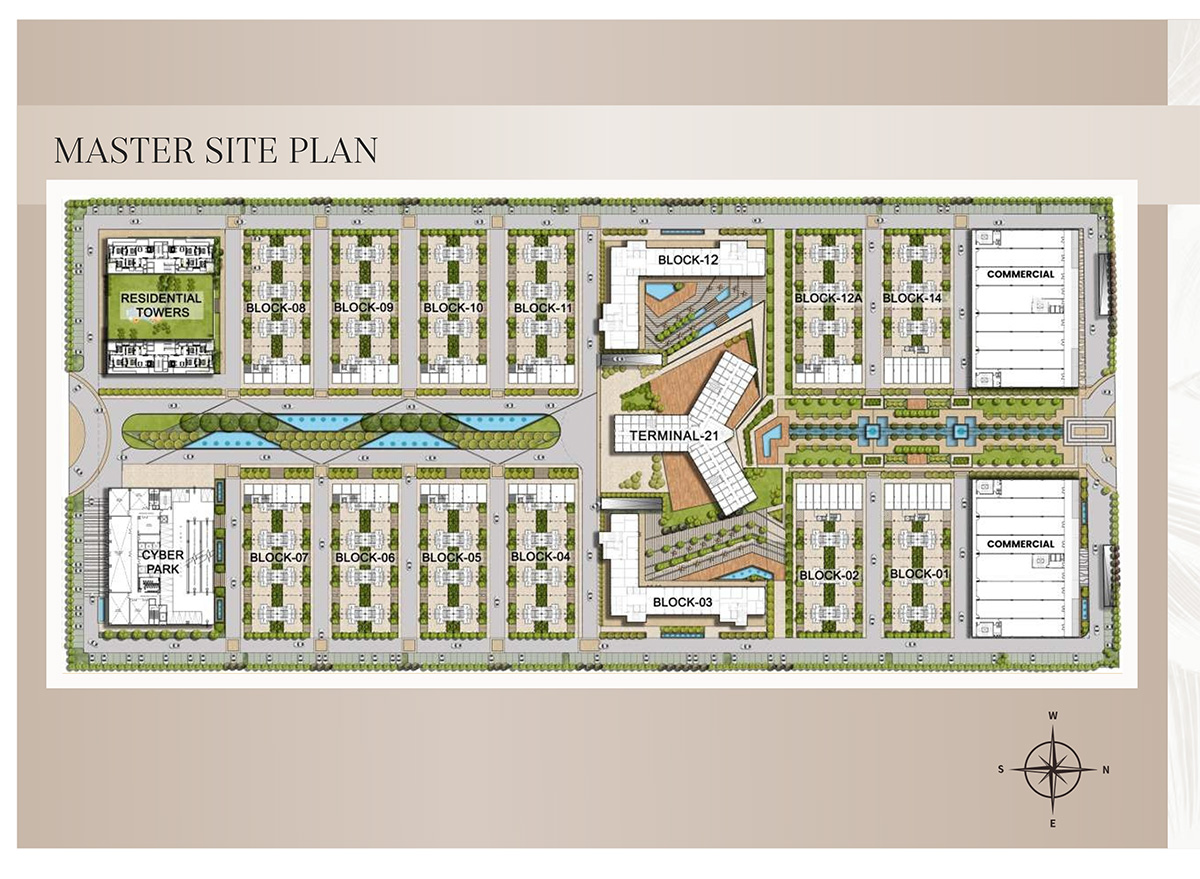 floor_plan_img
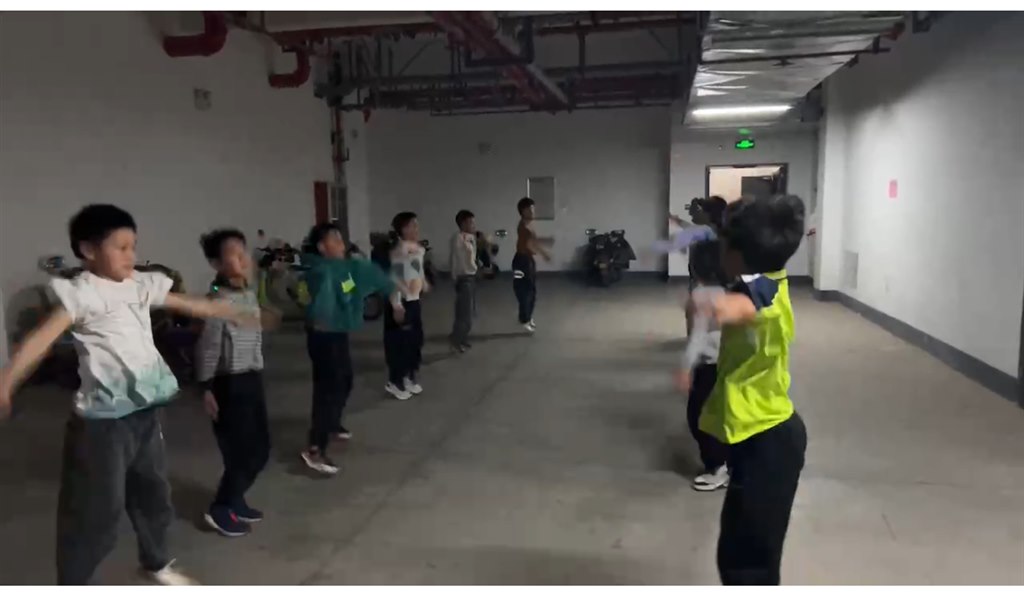 微信图片_20240416185946.jpg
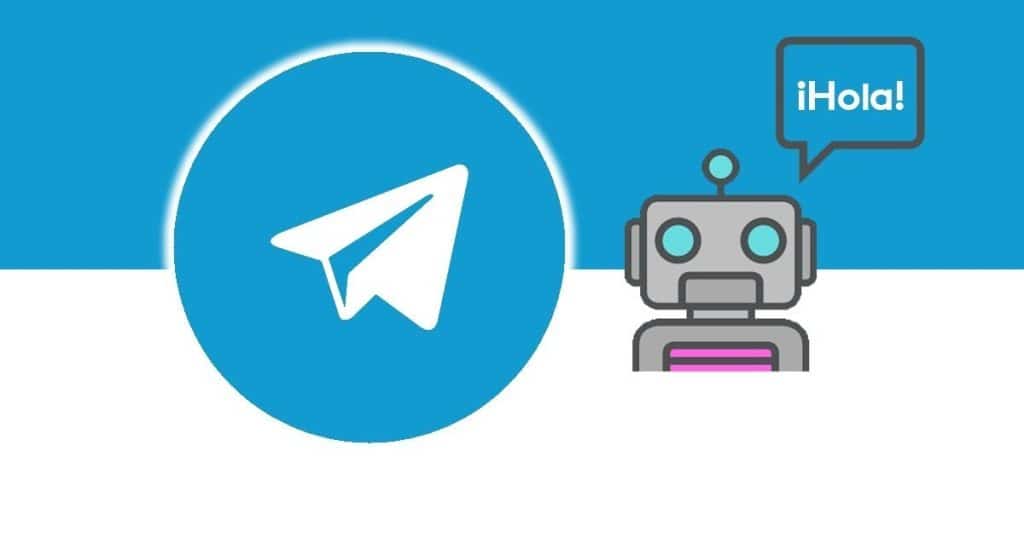 Los Mejores Bots De Telegram En Chile 2024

Try it:
Your answer must be an exact copy of the listing, with every picture omitted.

Solution to this exercise:
 floor_plan_img
 微信图片_20240416185946.jpg
 Los Mejores Bots De Telegram En Chile 2024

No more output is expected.